Web page caption snippets

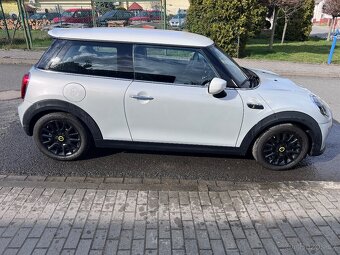 MINI COOPER SE 135KW SOH 100% 11/2021 31412KM AD. TEMPOMAT - 5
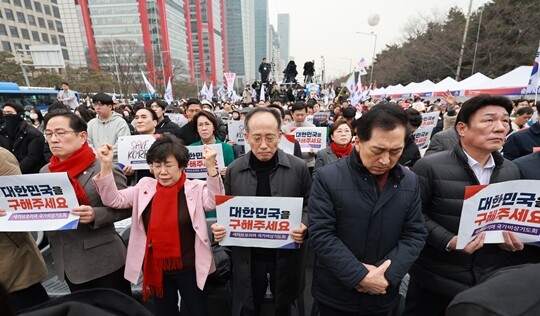 국민의힘 김기현, 추경호 의원 등이 2025년 3월 1일 서울 여의대로에서 세이브코리아가 주최한 3·1절 국가비상기도회에서 윤석열 전 대통령 탄핵 기각을 촉구하며 기도하고 있다. 사진=연합뉴스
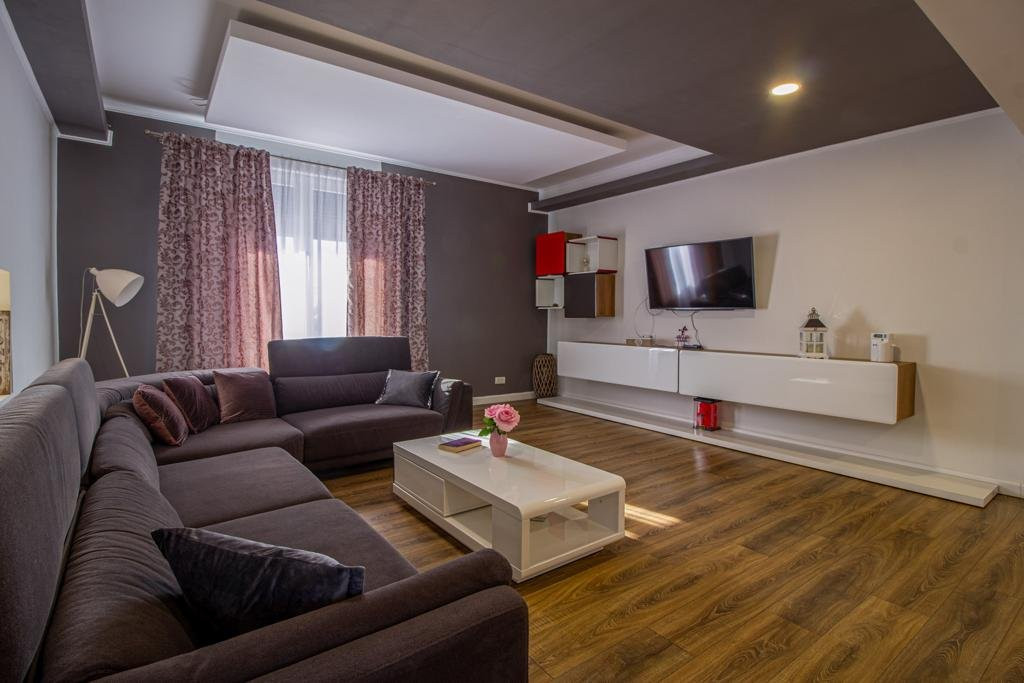 Casa 3 camere cu spatiu comercial in Carani - ID V4331 9, foxfort.ro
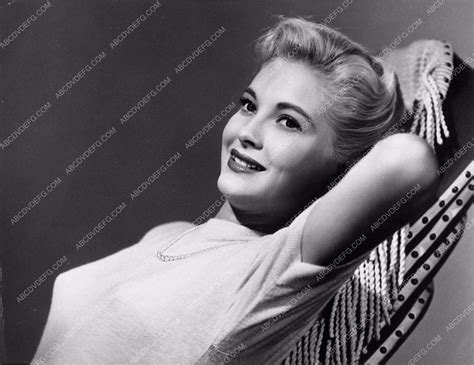 Lorie Nelson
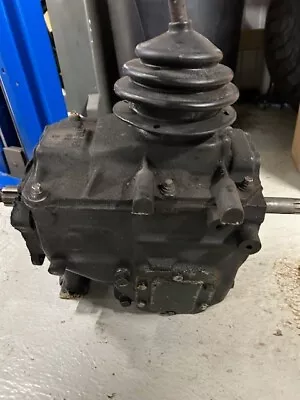 T19-148 Borg Warner 4WD Transmission / Slips Out Of 2nd Gear • $400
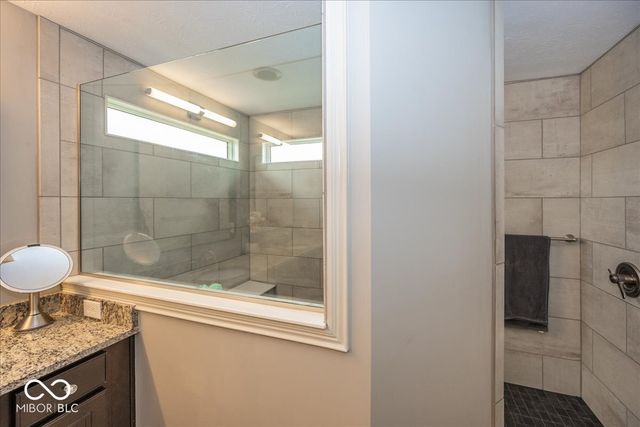 9976 Win Star Way, Fishers, IN 46040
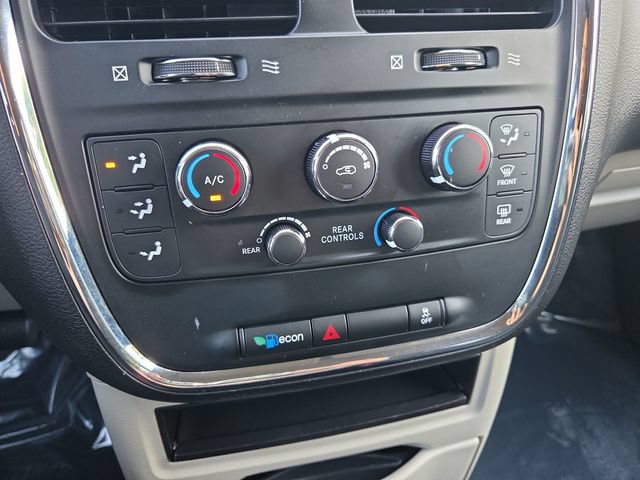 Used 2017 Dodge Grand Caravan SE FWD image 21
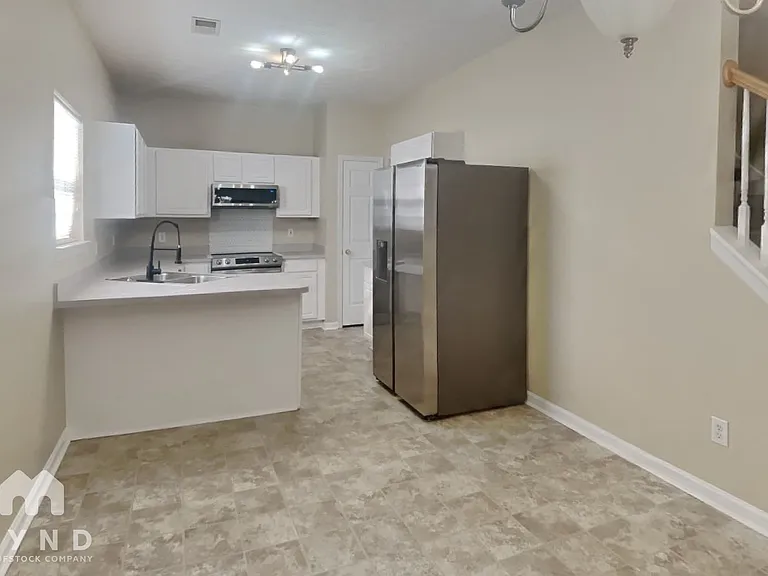 8256 Wynfield Dr — Photo 5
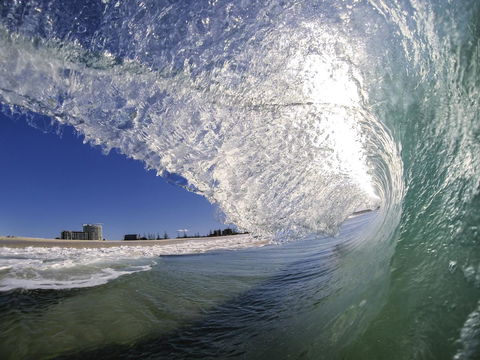 Kirra Surf Apartments - Local Tourism 14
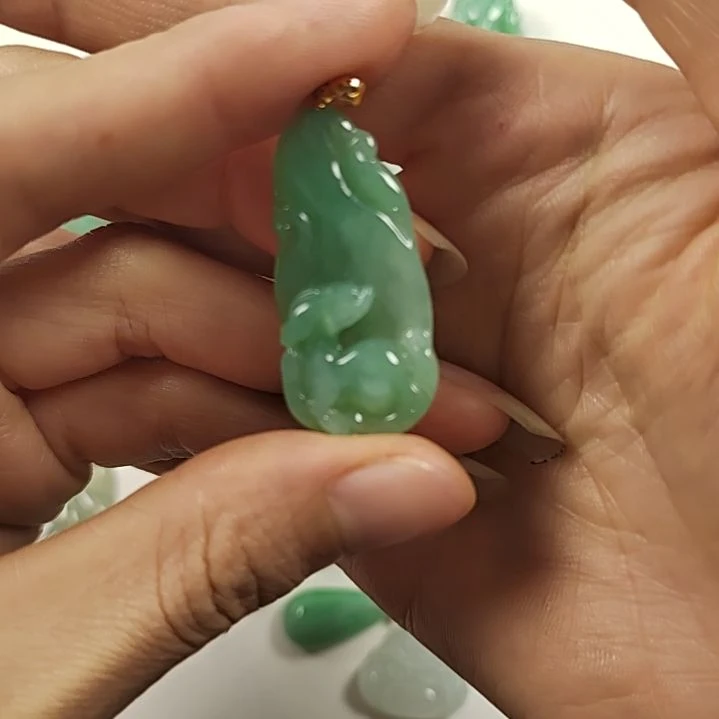 翡翠未镶嵌颈饰天然翡翠A货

▶ **Exercise prompt**
From the records above, transcribe exactly the lines starting at the one containing "국민의힘 김기현, 추경호" and ending at the one containing "Used 2017 Dodge". Skip the pictures.

▶ **Response below**
 국민의힘 김기현, 추경호 의원 등이 2025년 3월 1일 서울 여의대로에서 세이브코리아가 주최한 3·1절 국가비상기도회에서 윤석열 전 대통령 탄핵 기각을 촉구하며 기도하고 있다. 사진=연합뉴스
 Casa 3 camere cu spatiu comercial in Carani - ID V4331 9, foxfort.ro
 Lorie Nelson
 T19-148 Borg Warner 4WD Transmission / Slips Out Of 2nd Gear • $400
 9976 Win Star Way, Fishers, IN 46040
 Used 2017 Dodge Grand Caravan SE FWD image 21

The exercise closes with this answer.